Les inquiétudes suscitées par l’arrêté interministériel n°015 du 20 juillet 2026 fixant les droits, taxes et redevances applicables au secteur numérique ont finalement trouvé une réponse officielle. À l’issue d’une séance de travail avec le ministre de l’Économie numérique, Augustin Kibassa Maliba, ce jeudi 6 août 2026, les représentants de l’écosystème numérique congolais ont levé toute équivoque : le texte n’est pas suspendu et les startups ne sont pas concernées par les nouvelles dispositions qu’il prévoit.
Cette rencontre faisait suite à la vive polémique née sur les réseaux sociaux après la publication de l’arrêté.
Plusieurs acteurs du secteur avaient exprimé leurs préoccupations, redoutant que ces nouvelles mesures ne freinent l’essor des jeunes entreprises technologiques et ne compromettent les efforts engagés pour développer une économie numérique compétitive en République démocratique du Congo.
Conduite par Alain KILAPI, président du Conseil d’administration du Réseau des Acteurs du Numérique (RAN), la délégation a présenté au ministre les principales préoccupations recueillies auprès des professionnels du secteur. Parmi les points soulevés figuraient la clarification des informations relatives à un prétendu moratoire sur l’application de l’arrêté, la mise en place d’un mécanisme permanent de dialogue entre le Gouvernement et les acteurs du numérique, ainsi que la création d’un baromètre stratégique du secteur.
À l’issue des échanges, une clarification majeure a été apportée. Contrairement aux informations relayées sur certaines plateformes numériques, aucune suspension de l’arrêté interministériel n’a été décidée par le Gouvernement. Le texte demeure pleinement applicable.
La principale annonce concerne toutefois les startups.
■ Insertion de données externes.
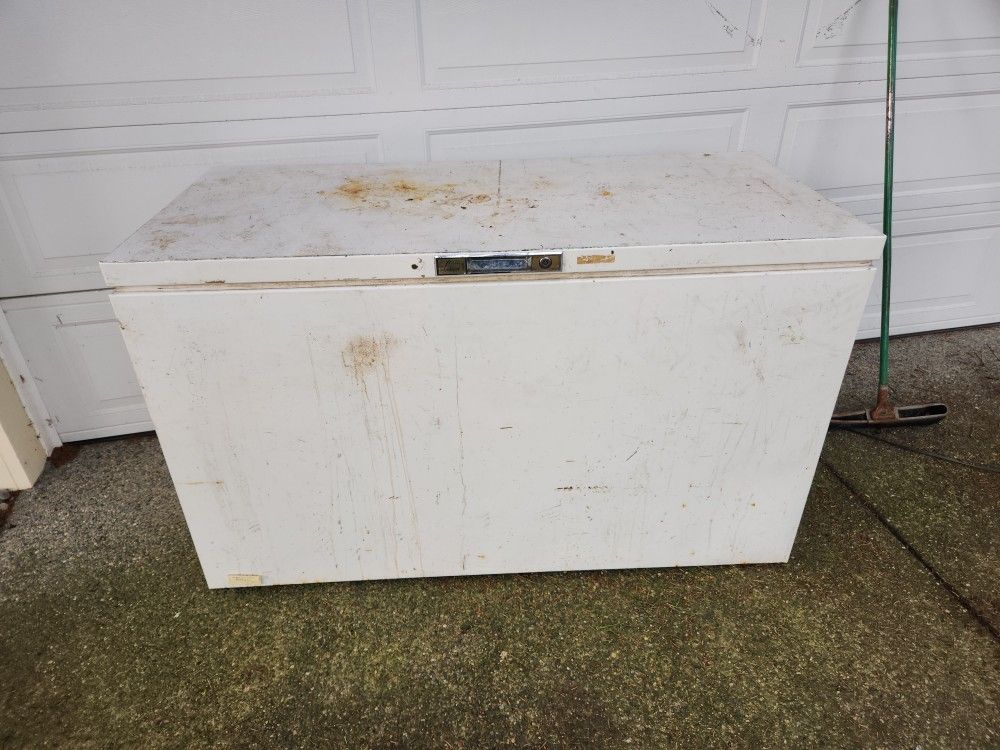 Sears And Roebuck Coldspot Chest Freezer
Selon Alain Kilapi, le ministre a confirmé que les jeunes entreprises innovantes ne sont pas assujetties aux droits, taxes et redevances prévus par cet arrêté. Cette exonération traduit la volonté des pouvoirs publics de protéger l’innovation et de favoriser l’émergence de nouveaux entrepreneurs dans le secteur numérique.
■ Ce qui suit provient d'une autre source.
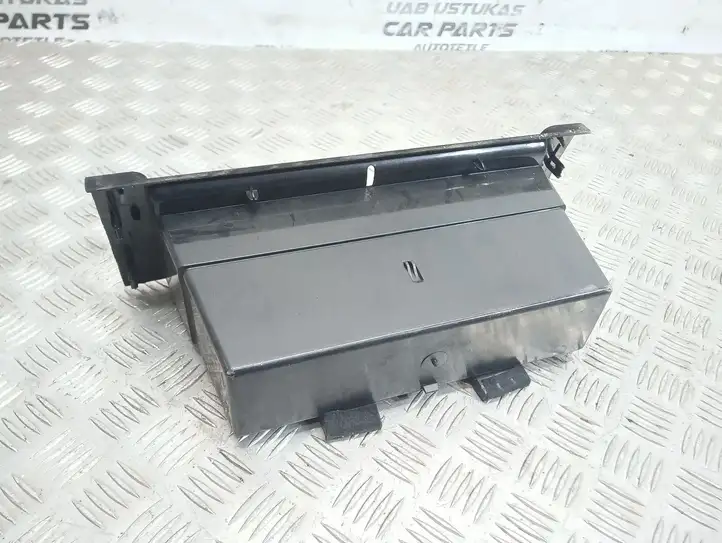 Land Rover Discovery 3 - LR3 (2004 - 2009) FFK500012XXX Вещевой ящик — фото 3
« L’arrêté interministériel portant fixation des taux ne concerne nullement les startups. L’innovation ne sera pas tuée dans l’œuf, elle sera encouragée », a déclaré Alain Ilepi à l’issue de la rencontre, précisant que des mesures officielles de communication et d’encadrement seront prochainement publiées afin de formaliser cette clarification.
Au-delà de cette mise au point, la réunion a débouché sur des avancées importantes en matière de gouvernance du secteur. Le ministère et les représentants des acteurs du numérique sont convenus d’instaurer un cadre permanent de concertation. Cette plateforme de dialogue permettra de renforcer les échanges entre les autorités publiques et les professionnels afin d’anticiper les défis, d’améliorer les politiques sectorielles et de favoriser un développement harmonieux de l’économie numérique congolaise.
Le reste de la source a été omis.